Savunma ve temassız oyun

Haftalardır ‘oyun’ ve ‘oyuncu performansları’ üzerine yapılan eleştirilere Abdullah Avcı Monaco maçından önce noktayı koyarak Kasım’ı işaret etti. Kasım’a kalmadan o akşam ‘fırtına’ koptu. Ancak bu oyun sürdürülebilir hale gelmeli ve gelişerek devam etmeliydi. Trabzonspor, kendi sahasında aldığı tarihi bir galibiyetin moraliyle gitti Dolmabahçe’ye...

Baskı falan umurunda değildi. Kendi oyununu oynadı ve iki defa da öne geçti ancak tek puanla yetinmek zorunda kaldı. Ancak oyunda neredeyse bütün momentumları kazandığı sırada fiziksel olarak düşen Hamsik yerine Ömür’ün, maçta bir türlü istenilen performansı veremeyen Bakasetas yerine Gomez’in alınmasıyla Beşiktaş’ı maça ortak etti.

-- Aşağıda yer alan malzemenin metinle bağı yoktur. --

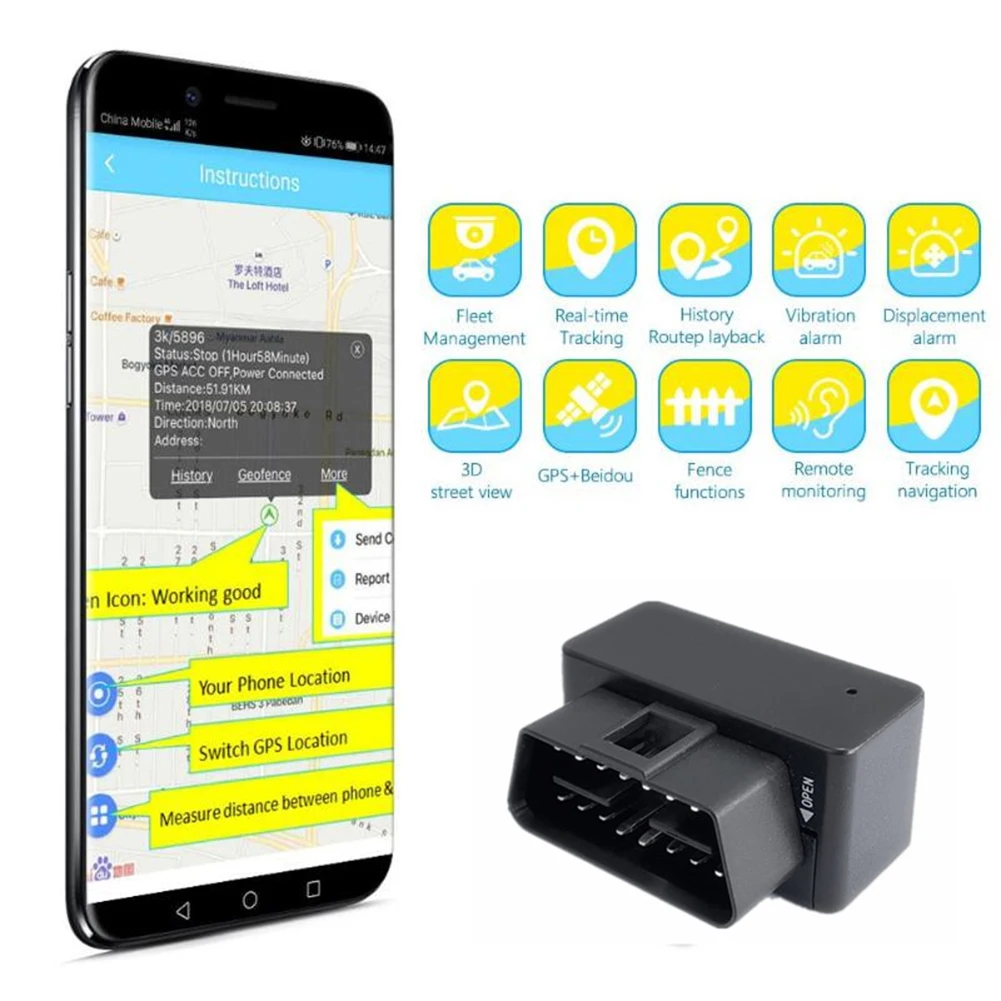 

OBD GPS Tracker 2G for Car Vehicle Location Geofence Route History Overspeed Alarm Anti-lost Car GPS Locator Free Web APP Device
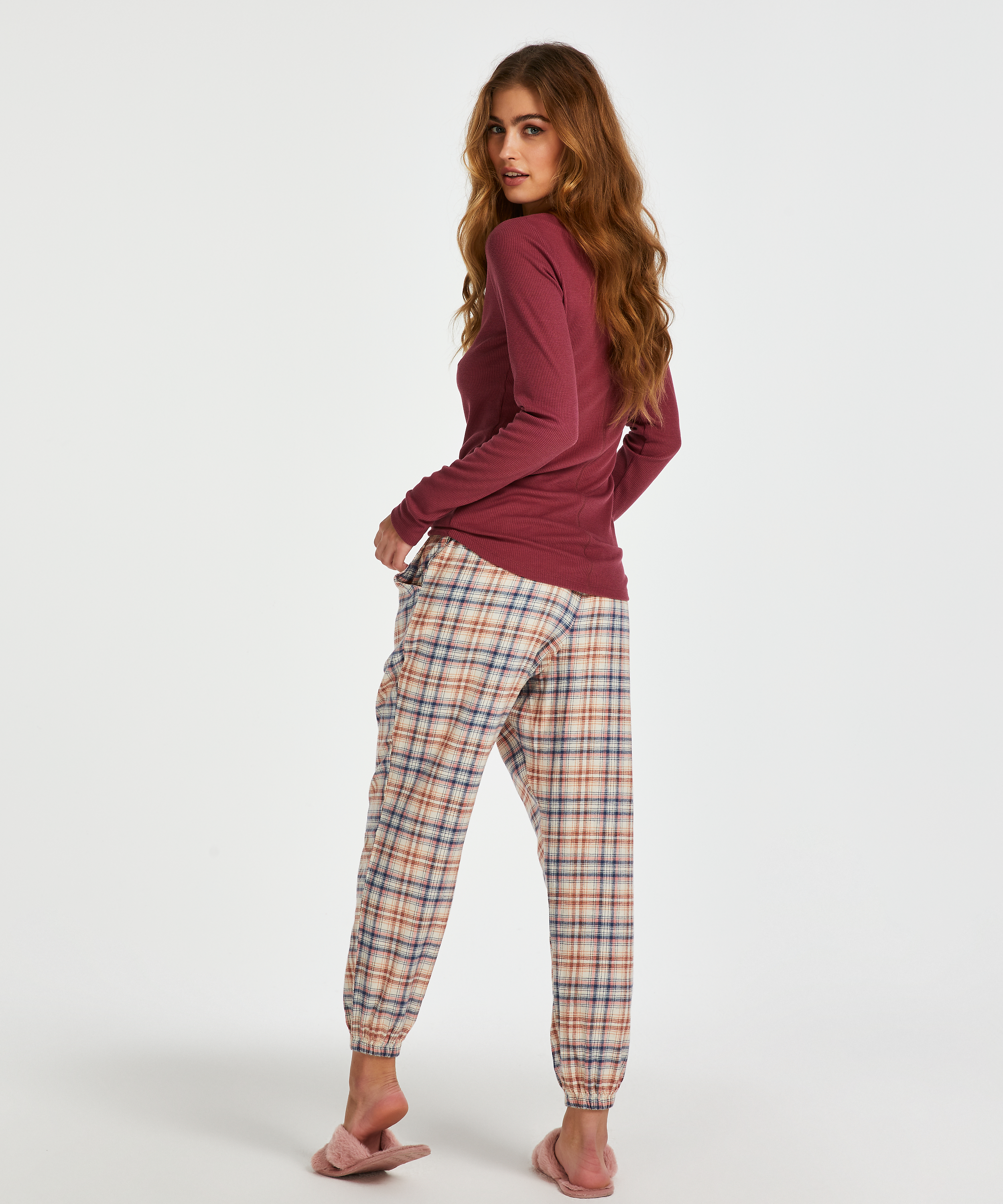 Petite Pantal&oacute;n de pijama Twill Check, Beige, main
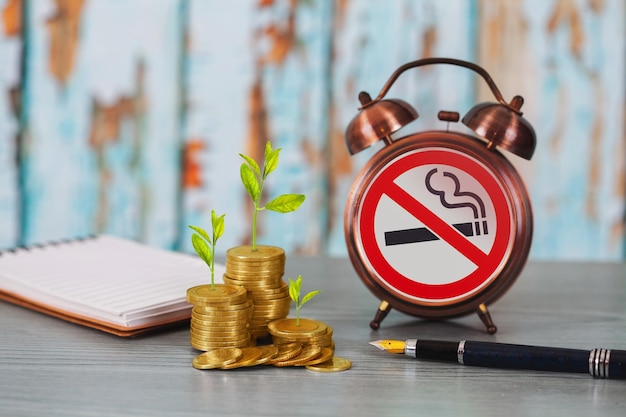 Money grow up because not smoking business concept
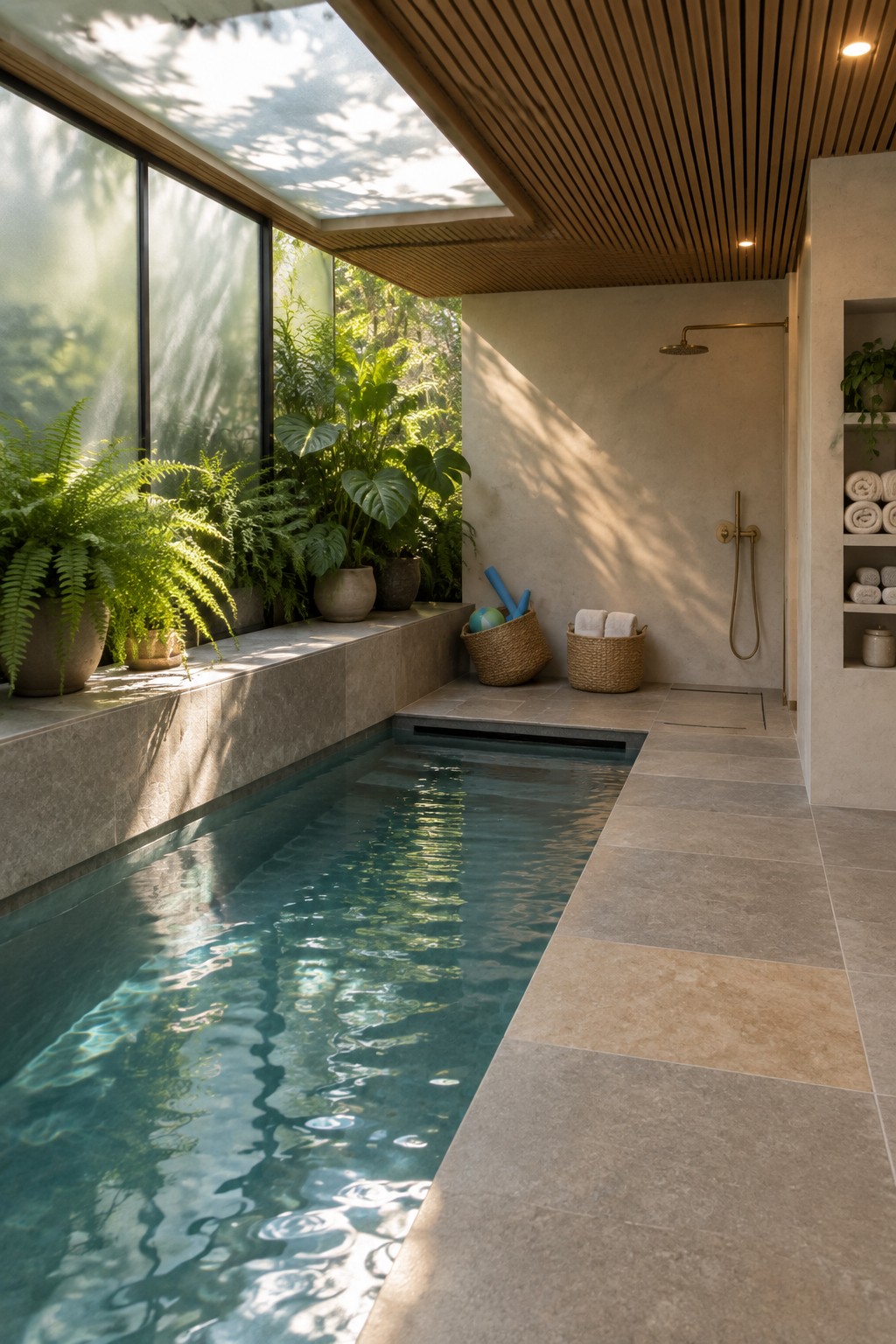 18 Innovative Indoor Endless Pool Ideas for Home Fitness Spaces An indoor lap pool runs beneath a large skylight with tall windows filled with ferns and potted plants on the left and a wall-mounted shower on the right.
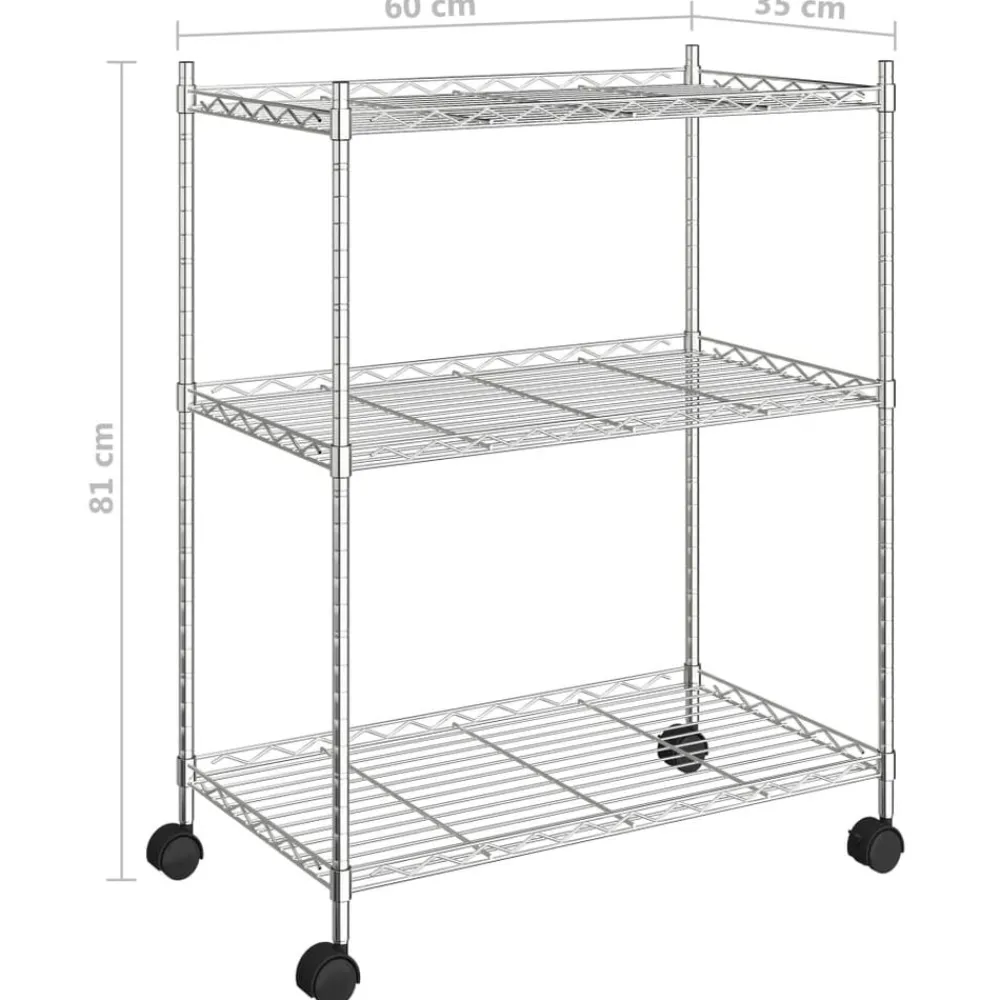 vidaXL Estantería de 3 niveles con ruedas 60x35x81 cm 150 kg Cromado New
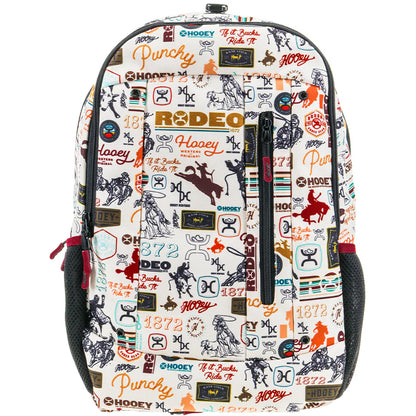 Hooey Rockstar Backpack Cream Rodeo Pattern Body with Black Accents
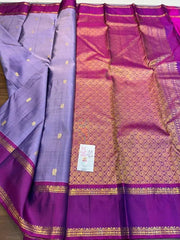Purple Silk Saree - Saree Pure Handloom Kanchipuram Silk Purple Festive Pujo Edit S11104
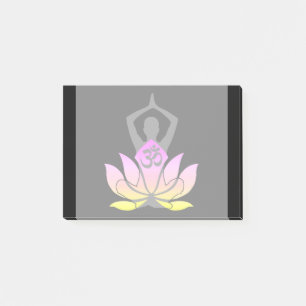 Bloco Post-it Pose espiritual da ioga da flor de OM Namaste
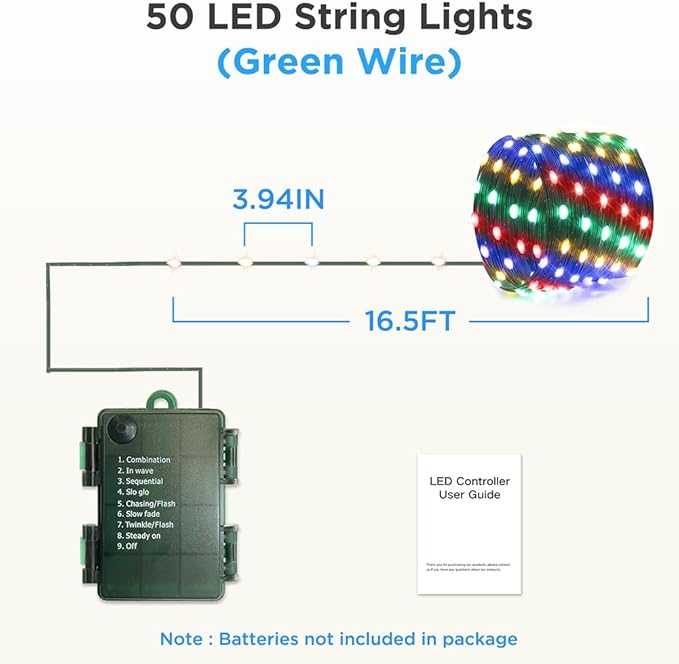 16.5ft Battery Operated String Lights(2 Pack), 50 LED Twinkle Fairy String Lights Battery Powered with Timer for Indoor Outdoor Christmas Trees Wreath Decoration Party Bedroom - Multicolor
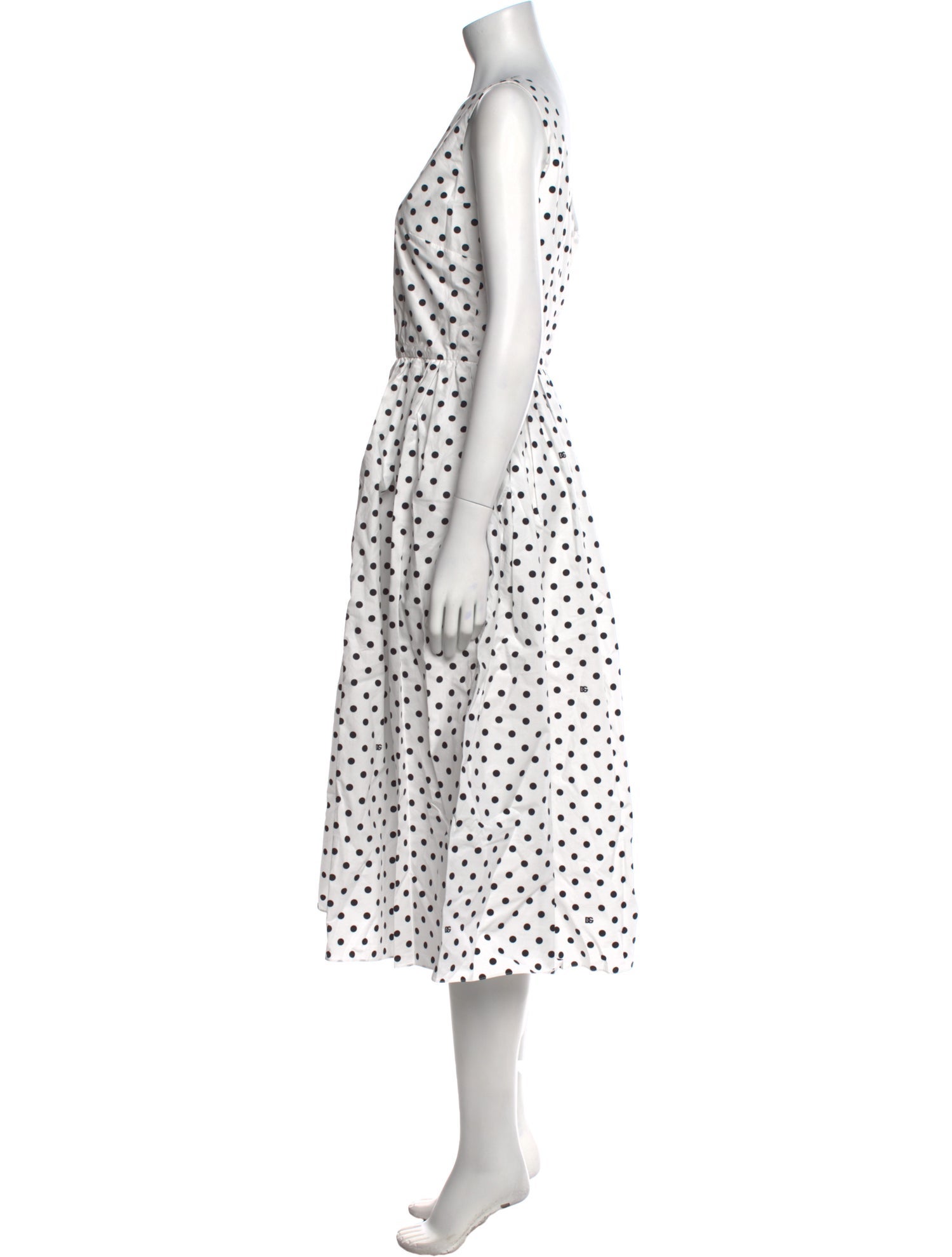 Dolce & Gabbana Polka Dot Print Midi Length Dress
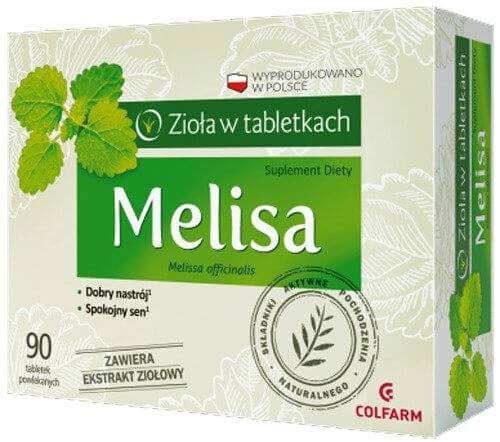 Colfarm Melisa Ułatwia Zasypianie Wspiera Układ Nerwowy 90tabl. powlekanych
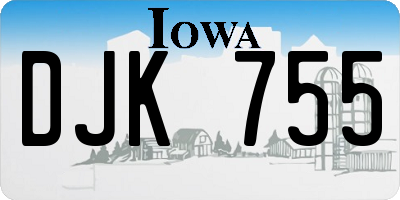 IA license plate DJK755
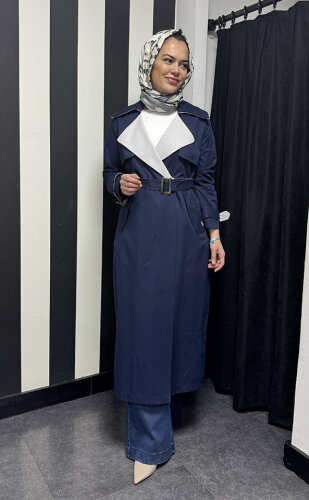 Miss Dalida Triko Detaylı Kumaş Trençkot İNDİGO - 3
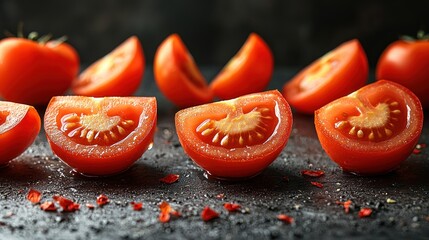 Fresh Tomato Slices: Vibrant Red, Juicy, Close-Up, Dark Background, Food Photography.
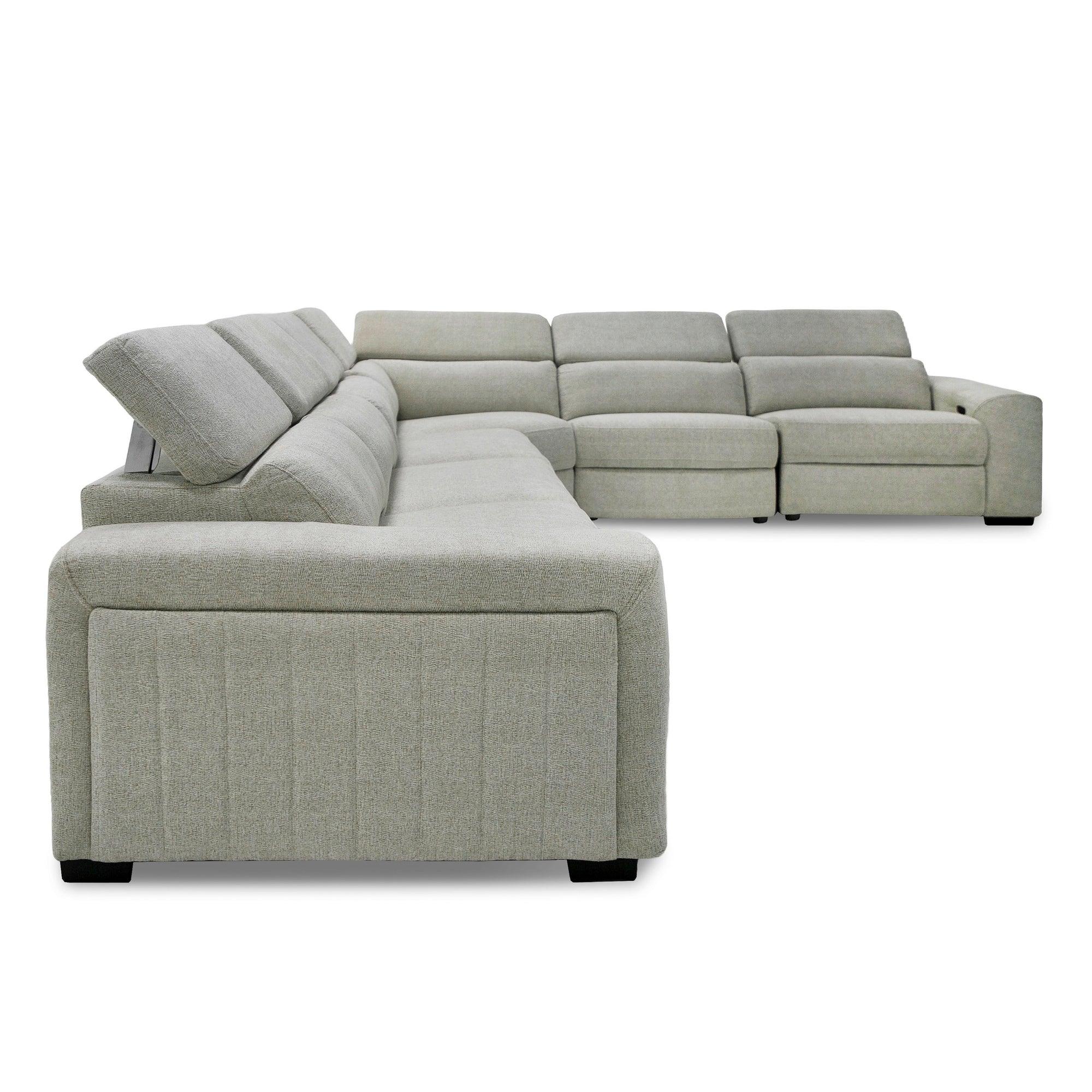 Gering Modern Fabric Sectional Sofa With 2 Power Recliners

Bu tercih hatalarının yanında Trabzonspor savunmada geçen yılı arıyor. Özellikle Bartra’nın kademe hataları ciddi bir sorun olarak karşımıza çıkıyor. Bir defa Weghorst ile eşleşti orada da Trabzonspor golü yedi. Yine takımda temaslı oyundaki eksiklikler oldukça fazla. Mesela Larsen mesela Eren, rakibi kendi alanlarında karşılarken sadece yaklaştı, bir kez dahi temas etmedi.

Ki iki gol de Eren’in olduğu taraftan geldi. Bu da Trabzonspor’un özellikle çizgi savunmasını halen doğru şekilde yapamadığını ortaya koyuyor. Trabzonspor kazanabileceği maçta -ki Bardhi o golü atsa başka şeyler konuşuyor olacaktık - bir puanı cebine koyarak döndü Trabzon’a. Lakin şu bir gerçek ki Bordo Mavililer ideal 11’ini oluşturuyor, oyununu oturtuyor ve geliştiriyor. Takım olma yolunda ilerliyor.